* Task brief: The answer must be every line of the records below that contains the word "Double", copied out.

Stored dataset items
--- START ---

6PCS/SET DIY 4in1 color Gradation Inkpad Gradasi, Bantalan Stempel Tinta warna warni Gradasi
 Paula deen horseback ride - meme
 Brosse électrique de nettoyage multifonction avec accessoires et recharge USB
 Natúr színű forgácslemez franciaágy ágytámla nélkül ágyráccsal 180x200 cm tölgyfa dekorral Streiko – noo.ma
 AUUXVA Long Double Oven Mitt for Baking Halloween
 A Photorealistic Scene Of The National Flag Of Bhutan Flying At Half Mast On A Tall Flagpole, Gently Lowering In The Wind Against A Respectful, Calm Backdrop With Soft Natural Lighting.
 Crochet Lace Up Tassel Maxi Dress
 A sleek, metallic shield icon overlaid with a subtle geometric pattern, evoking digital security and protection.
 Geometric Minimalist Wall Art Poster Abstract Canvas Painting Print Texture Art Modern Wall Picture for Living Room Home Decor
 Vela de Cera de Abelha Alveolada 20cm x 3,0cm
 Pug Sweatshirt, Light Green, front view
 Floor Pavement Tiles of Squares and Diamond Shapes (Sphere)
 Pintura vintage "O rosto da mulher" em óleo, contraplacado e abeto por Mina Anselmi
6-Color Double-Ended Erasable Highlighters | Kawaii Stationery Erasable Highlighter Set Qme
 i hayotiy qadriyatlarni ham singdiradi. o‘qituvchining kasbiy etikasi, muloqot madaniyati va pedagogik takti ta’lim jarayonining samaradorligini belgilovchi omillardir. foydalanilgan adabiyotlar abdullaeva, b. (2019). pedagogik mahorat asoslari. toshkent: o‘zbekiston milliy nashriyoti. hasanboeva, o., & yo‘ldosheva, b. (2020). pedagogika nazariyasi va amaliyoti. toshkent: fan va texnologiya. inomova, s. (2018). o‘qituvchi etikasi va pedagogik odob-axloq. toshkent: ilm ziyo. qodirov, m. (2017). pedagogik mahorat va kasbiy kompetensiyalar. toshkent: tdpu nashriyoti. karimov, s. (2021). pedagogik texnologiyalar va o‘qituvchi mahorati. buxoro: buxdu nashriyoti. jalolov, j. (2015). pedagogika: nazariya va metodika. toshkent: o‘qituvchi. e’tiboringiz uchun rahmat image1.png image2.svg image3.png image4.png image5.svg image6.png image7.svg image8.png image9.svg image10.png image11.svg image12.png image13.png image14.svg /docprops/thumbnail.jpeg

--- END ---

* Solved problem:
 AUUXVA Long Double Oven Mitt for Baking Halloween
6-Color Double-Ended Erasable Highlighters | Kawaii Stationery Erasable Highlighter Set Qme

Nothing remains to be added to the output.